These hackers managed to pull off the feat by allegedly making a lot of tiny donations to largely small-time streamers.
The donations came in the form of Bits, which are the platform’s “cheering currency.” Allegedly, the hackers contracted Twitch streamers in Turkey to whom they’d send massive payments in Bits.
After the payments are received, the streamers will then refund 80% of the money they got back to the hackers, which made the dirty money “clean” and usable.
The alleged scam was picked up by several other Turkish streamers when they noticed that these small-time content creators–some of them with little to no following–were still earning as much as $1,800, reports Middle-East Eye.
The money that the hackers were sending these streamers was obtained by stealing the credit card info of random people. A total of 2,400 small-time Twitch streamers were in on the scam.

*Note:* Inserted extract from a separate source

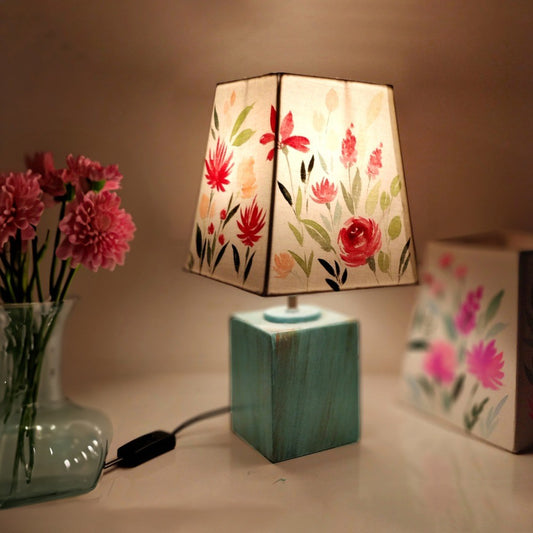 Empire Table Lamp - Floral Bloom Lamp Shade - rangreli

Once again, the Twitch hack that occurred back in October is coming back to haunt the platform. It was considered by some to be one of the biggest data breaches in recent memory and has revealed a lot of things going on behind the scenes.
Among the things that were uncovered by hackers was that Twitch has a “No Ban” list that counts several of the biggest streamers–several of them also being the most controversial ones.
This money laundering scam is just one of many other troubles to spring up after the big hack.
Read Also: Twitch Hack Reveals Only The Top 0.01% Of Streamers Can Make MILLIONS
What Is Twitch Doing About This?
When the scam was discovered, various authorities moved in to conduct an investigation, reports PC Gamer.
There were no exact details shared about how law enforcement is handling this money laundering case. However, it has been reported to PC Gamer that Twitch is now taking action against specific Turkish streamers who have “abused” the platform’s systems.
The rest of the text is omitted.